One of reactors at crippled N-plant likely damaged: Japan
Concerns over more serious contamination mounted in Japan on Friday as authorities said the core of one of the six reactors at the Fukushima nuclear plant may have damaged, a day after three workers were exposed to high radiation while trying to stabilise the crippled unit.world Updated: Mar 25, 2011 15:12 IST
Concerns over more serious contamination mounted in Japan on Friday as authorities said the core of one of the six reactors at the Fukushima nuclear plant may have damaged, a day after three workers were exposed to high radiation while trying to stabilise the crippled unit.
The radiation leak detected yesterday at the No.3 reactor indicated possible damage to the unit's vessel, pipes or valves, Japan's Nuclear and Industrial Safety Agency said, two weeks after the magnitude 9 quake and tsunami rocked the country's northeast leaving over 27,000 people dead or unaccounted for.
"At present, our monitoring data suggest the (No.3) reactor retains certain containment functions, but there is a good chance that the reactor has been damaged," Hidehiko Nishiyama, spokesman for the agency, told a press conference.
Three workers at the No.3 reactor's turbine building were yesterday exposed to the water containing radioactive materials 10,000 times the normal level, with two of them hospitalised with possible radiation burns to their feet.
Nishiyama said the high-level radiation is suspected to have originated from the reactor where overheating fuel rods are believed to have been partially melted, or a boiling pool that stores spent nuclear fuel, both of which are located in the same building.

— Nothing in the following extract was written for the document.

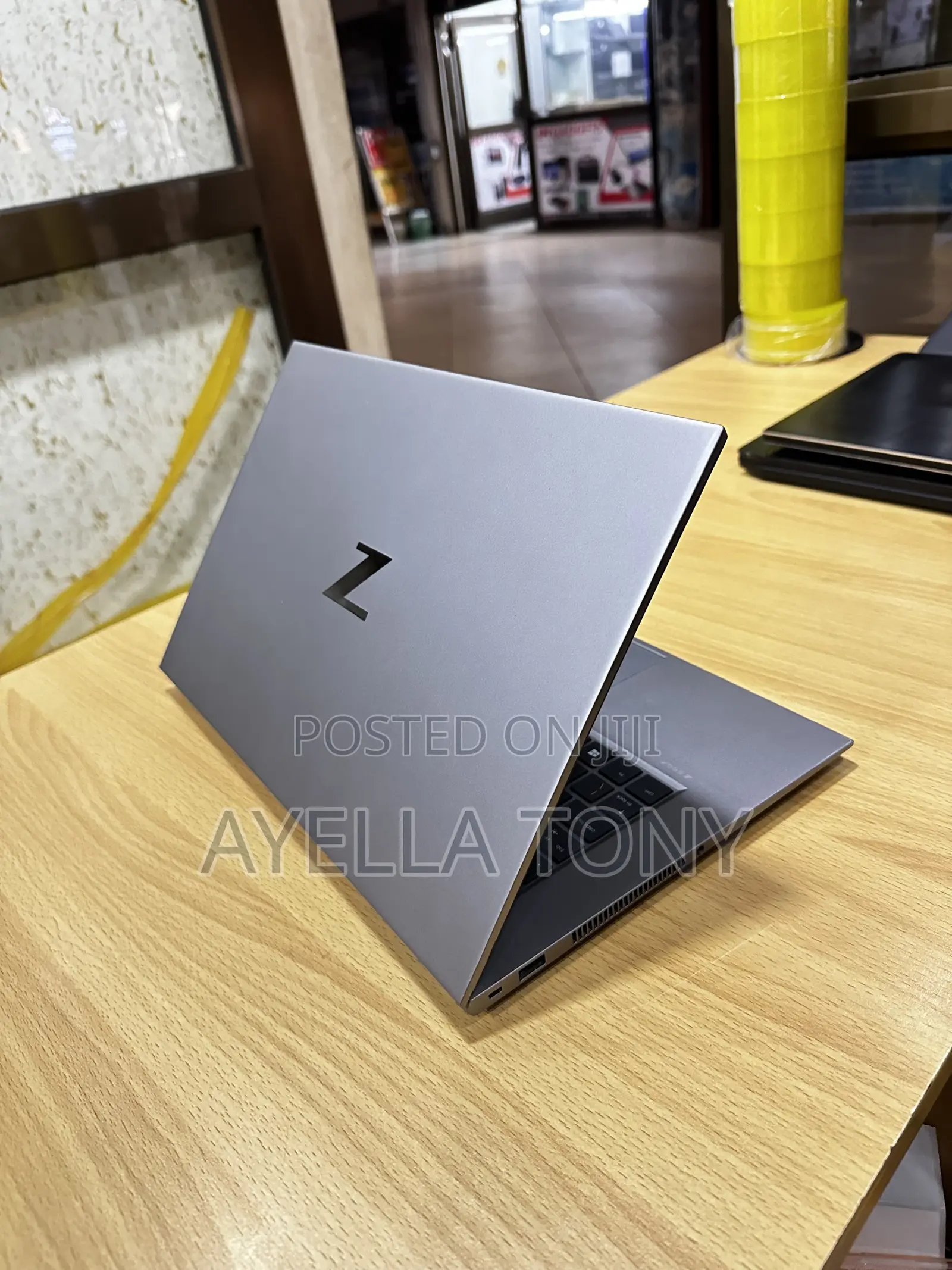New Laptop HP ZBook Studio G8 32GB Intel Core i7 SSD 512GB
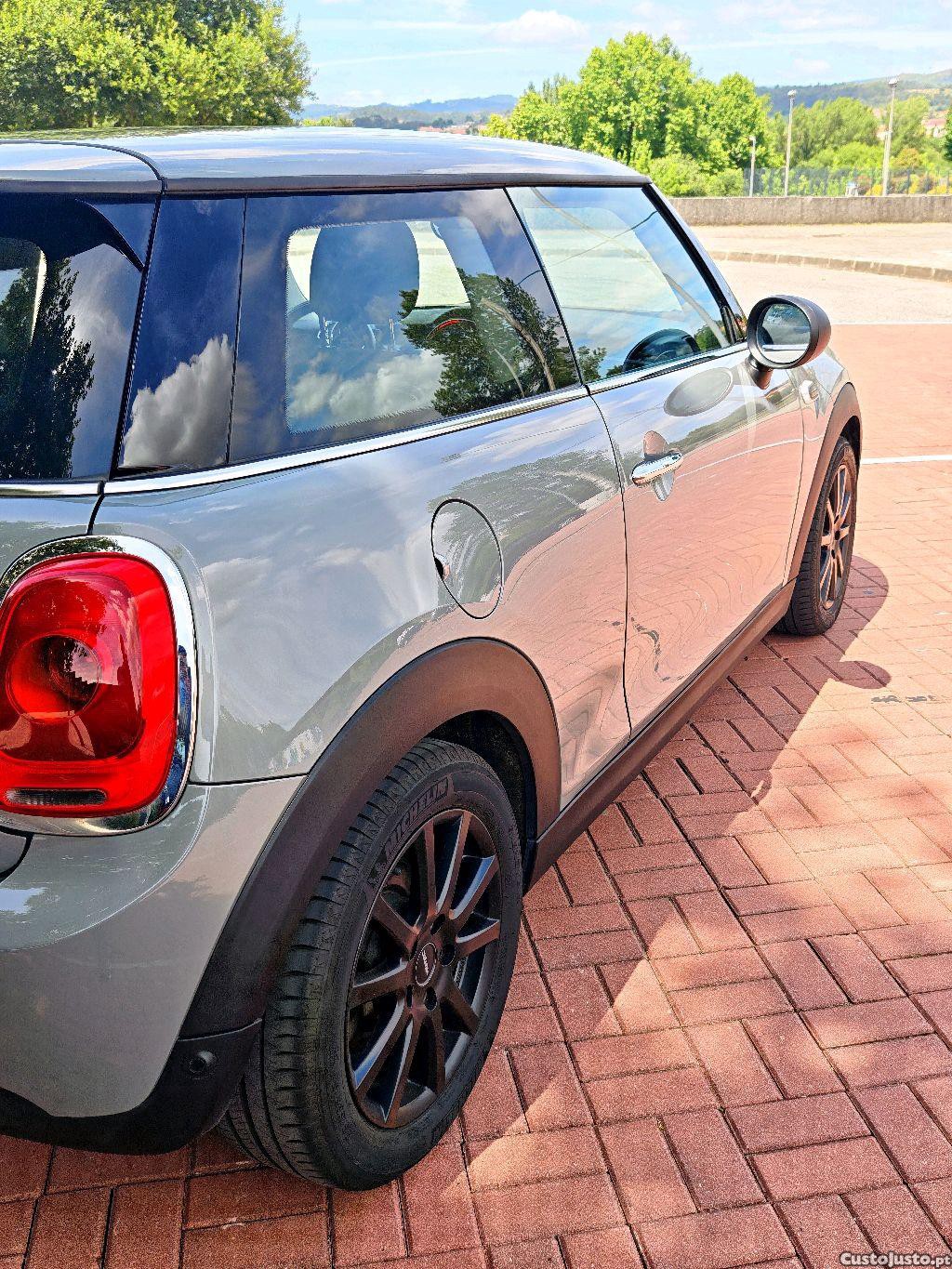 MINI Cooper 1.2 — fotografia 2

Following the incident, the nuclear agency ordered the Tokyo Electric Power Company (TEPCO), the operator the nuclear plant, to improve radiation management at the crisis-hit facility. TEPCO has already begun removing the highly radioactive water from the site.

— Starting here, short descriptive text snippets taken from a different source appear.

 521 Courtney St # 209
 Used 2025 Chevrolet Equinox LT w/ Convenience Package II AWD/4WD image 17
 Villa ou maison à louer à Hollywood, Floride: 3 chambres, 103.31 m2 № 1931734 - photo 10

Nishiyama said that further verification is needed to find out how the radioactive water reached the underground site. Tonnes of water had been poured into the reactor and in its pool, which was substantially damaged by a hydrogen blast on March 14.
The government, which had earlier designated areas within a 20 km radius of the Fukushima plant as exclusion zone, today encouraged residents within a 30 km radius of the nuclear power station to leave voluntarily, as the release of radioactive materials is expected to continue for some time.

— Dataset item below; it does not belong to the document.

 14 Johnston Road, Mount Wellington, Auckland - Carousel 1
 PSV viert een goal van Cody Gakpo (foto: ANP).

Though the restoration work at the troubled plant was disrupted due to the radiation exposure incident yesterday, TEPCO today prepared to inject fresh water into the No.1, No.2, No.3 and No.4 reactor cores and spent fuel pools, instead of seawater which is being currently used.
Authorities wanted to replace sea water with fresh water as crystallised salt could form a crust on the fuel rods and prevent smooth water circulation, thus diminishing the cooling effect.
Defence Minister Toshimi Kitazawa said that US forces in Japan will offer fresh water to be sprayed at the reactor cores and the fuel pools to ensure ample water supply. TEPCO currently uses fresh water from a dam near the plant.